I'm glad you enjoyed it. I thought about seeing it this weekend, but couldn't swing it with my busy schedule. I'll try for Tuesday!

Amber Holcomb said...


Thanks! As far as recent action films...I saw the fourth Pirates of the Caribbean, but I confess that I closed my eyes during certain parts (mostly involving the mermaids, LOL!). I guess I'll have to see if anyone else in my family wants to see it, 'cause I probably wouldn't go on my own.

Again, thanks for the review!


Lori said...

Yes, I did see Julie & Julia...and he was great in that, wasn't he?!! I can't remember what movie it was (it's been a while)where he was shirtless and all I could think was wow...that is a level of fit that I wasn't expecting!

Unknown said...

@Charity - I look forward to reading your take on this one! :)

@Amber S. - Well, that said you might want to think about waiting until this one is out on DVD, that way you can fast-forward through any scenes that might prove a bit too intense. I figure better safe than sorry, I don't want to steer you wrong! :) And you're welcome!

@Lori - You realize you need to wrack your brain and come up with this movie you're forgetting, right? RIGHT?! ;)

Lori said...

Oh...don't worry. I had to find it and I found some other gems on the great YouTube. Emailing details soon...

Unknown said...

@Lori - Discussing Stanley Tucci's appeal is a great way to spend a Monday, just sayin'...

Elaine J. Dalton said...

I can't wait to see this movie! *bounces with excitement* Btw, your review was AWESOME! ;)

Susannah said...

Your post popped up on my dashboard and I ignored it with great difficulty. As soon as I got back from seeing it tonight (about ten minutes ago) I got on the computer to read your review. :)

Of course, we agree about everything. I thought it was awesome. I loved the World War II combined with the superhero stuff--something I'd never thought about and wouldn't have thought could be pulled off so smoothly.

JJ Fields was so wonderful, as was Sebastian Stan, who I've never seen in anything but who I now love.

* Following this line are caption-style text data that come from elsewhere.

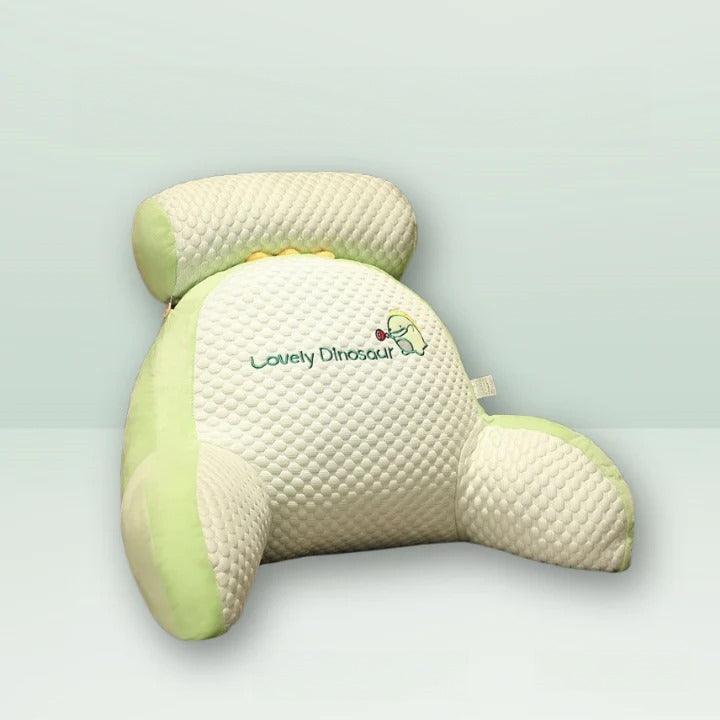Reading cushion | Somnolit - Luren Store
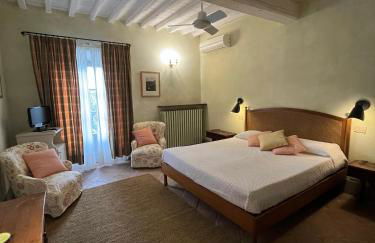 La Locanda Volpaia - Foto 21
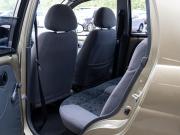Daewoo Matiz I Рестайлинг Краснодар  - изображение 29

I loved Chris Evans--I totally agree about the all-American vibe. So, so perfect for the era.

Anyways. I once again appreciated your crazy-intelligent review. I'll be posting my own (unintelligent/spazzish) review here pretty soon. :)

Traxy said...

Great review, thanks for sharing! :) Have heard positive things about it from various sources, but you're someone whose opinion I trust and you didn't talk just about RA's part, nor leave him out. Ahh, can't wait to see the movie! It opens on Friday here, so not sure if we'll see it over the weekend or next week.

Unknown said...

@Elaine - Aww, thanks! I hope you get to see it soon!

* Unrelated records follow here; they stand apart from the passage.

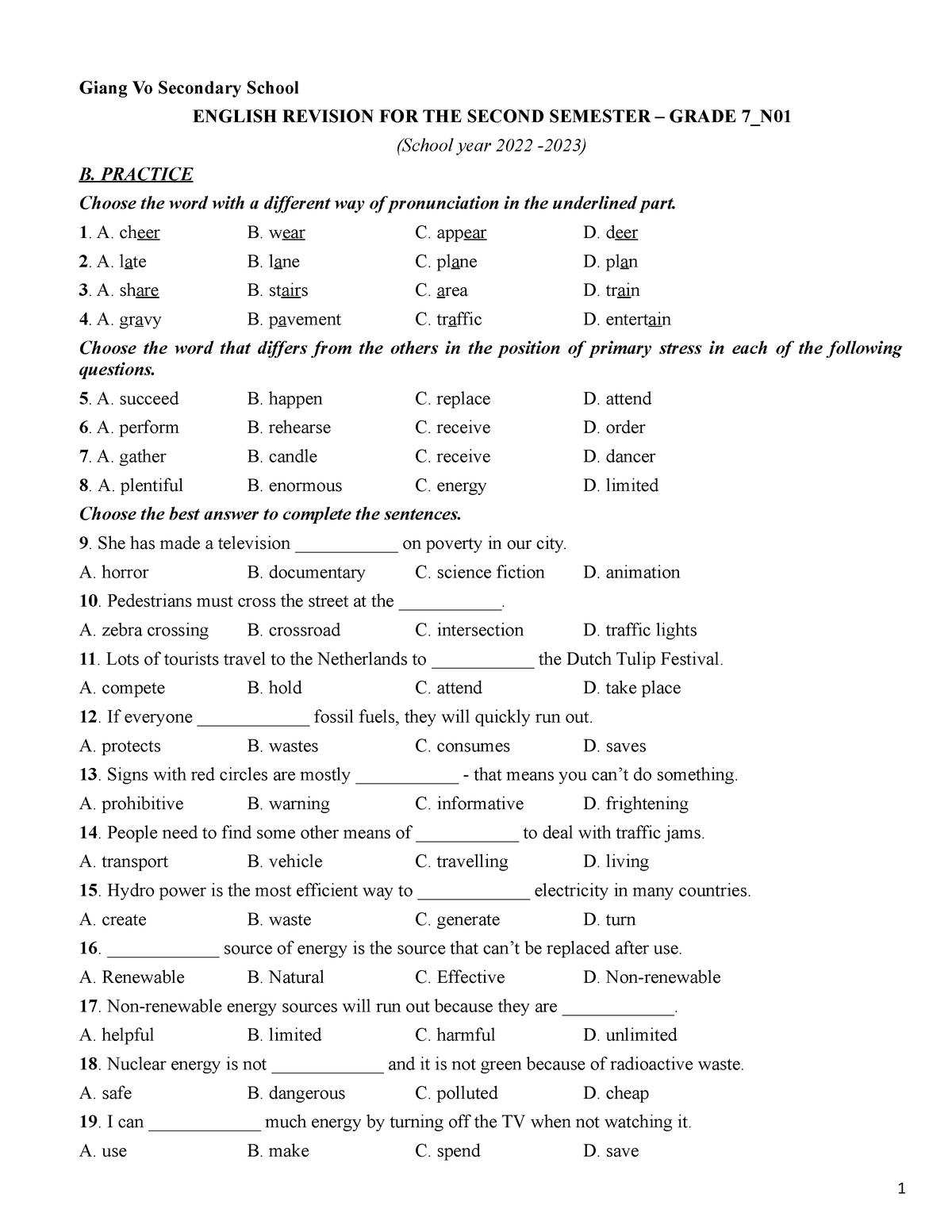 s-5-e7-n-k-2-41-b-n-english-exercise-7-giang-vo-secondary-school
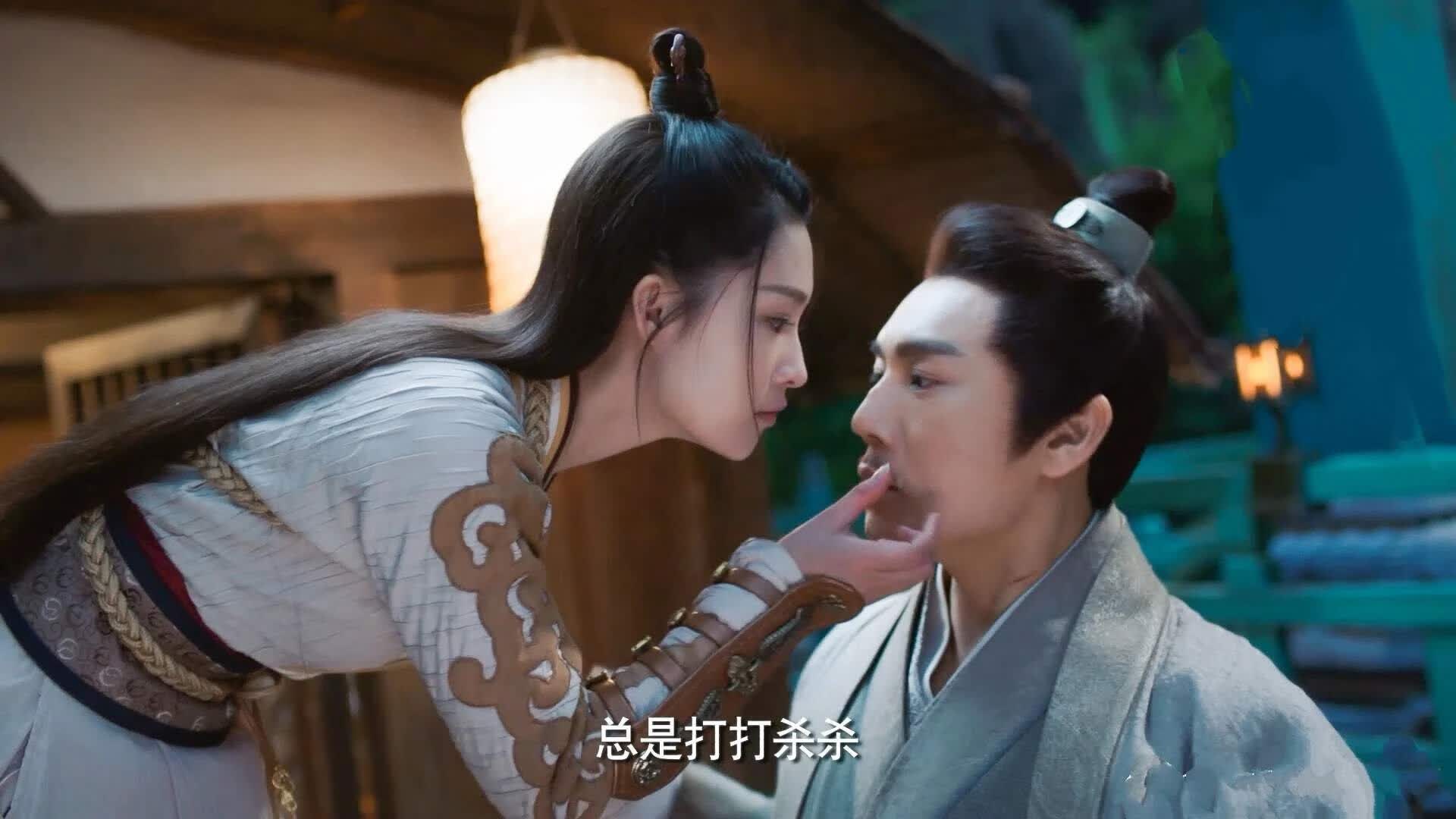 确实需要一点想象力，因为突尼斯碾压葡萄牙在足球世界里堪称天方夜谭，但这恰恰是唯一性的魅力所在。让我们先共同构思一个不落俗套的标题，再展开这篇充满戏剧张力的虚构报道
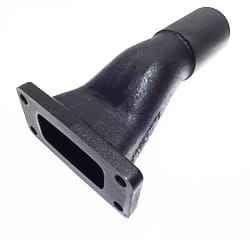 3402326r1 коллектор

@Polka Dot - Yay! So happy you loved this movie too! :) As to "crazy-intelligent," thank you for the compliment - I don't know about that, I feel pretty fangirlish and spazzish here myself. ;) But thanks. :) I'm looking forward to reading your take on the movie!

Unknown said...

@Traxy - Thanks, friend! :) As much as I like RA, and it was a real treat to see him on the big screen, this movie had so much more going for it which was a huge treat! I am looking forward to reading your take on the movie, hopefully soon! :)

Read the Book said...

I saw this movie yesterday and really enjoyed it. I agree that Steve's kindness is one of the most attractive things about him, and I thought it was a nice touch that Peggy was so moved by the picture of Steve pre-Captain America.

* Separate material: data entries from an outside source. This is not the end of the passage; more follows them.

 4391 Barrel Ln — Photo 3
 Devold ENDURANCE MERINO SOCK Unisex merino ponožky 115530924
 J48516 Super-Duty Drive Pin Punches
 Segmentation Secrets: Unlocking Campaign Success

I was sad, too, that he didn't get the girl, but what's a superhero movie without a little angst? I'm jealous you got to see the Avengers preview, but it is a little crazy-making to see previews a full YEAR in advance of the movies (I saw the Batman preview and another one that will come out next summer when I saw Harry Potter, and the anticipation could kill me!).

Lovely blog!

Unknown said...

@Read the Book - Thanks for stopping by & commenting! I completely agree about that last moment when Peggy is looking at the pre-transformation photo of Steve - I seriously coulda cried a bit.

The lead-time on previews can get a little crazy! We must keep each other sane. :)

Read the Book said...

Have you read anything about the CGI used for Steve at the beginning of the movie? I'm definitely interested!

Unknown said...

@Read the Book - Oh, I'm afraid not - let me know if you find anything out!